***** SUPPLIED INFORMATION *****
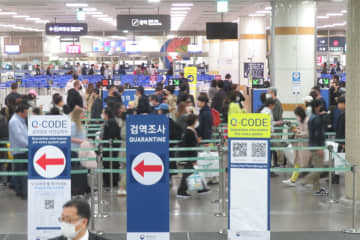 26日、韓国・マネートゥデイは「トイレに行く姿にびっくり…外国人が韓国を訪れる“意外な理由”」と題する記事を掲載した。写真は韓国の金浦空港。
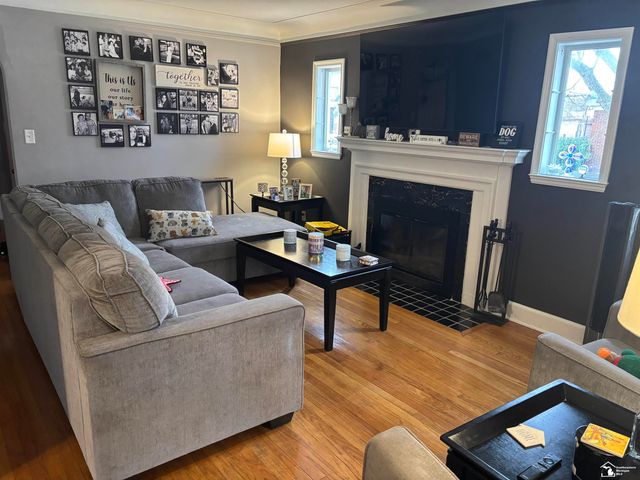 2933 Fort Park Avenue, Lincoln Park, MI 48146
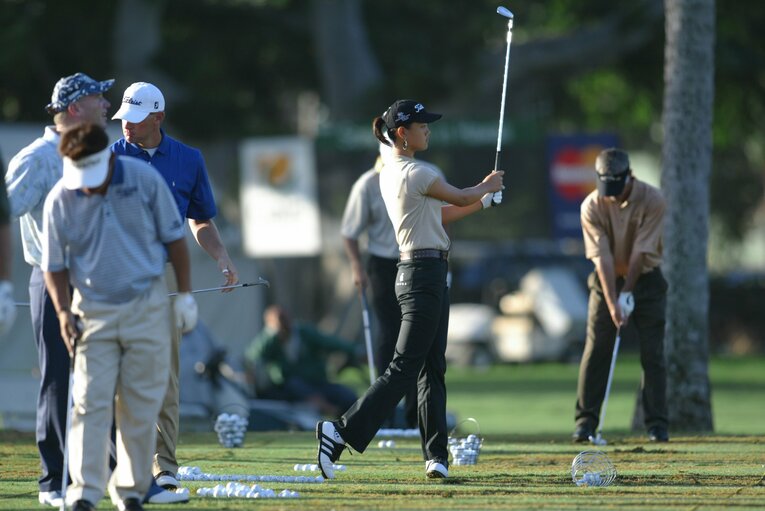 男子選手に混ざって練習するミッシェル・ウィー　（2004年ソニー・オープン）©︎Getty Images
*****
> _THE TASK_:
Set down the whole listing exactly as given, except for the pictures.

> _OUTPUT FOR THIS EXERCISE_:
 26日、韓国・マネートゥデイは「トイレに行く姿にびっくり…外国人が韓国を訪れる“意外な理由”」と題する記事を掲載した。写真は韓国の金浦空港。
 2933 Fort Park Avenue, Lincoln Park, MI 48146
 男子選手に混ざって練習するミッシェル・ウィー　（2004年ソニー・オープン）©︎Getty Images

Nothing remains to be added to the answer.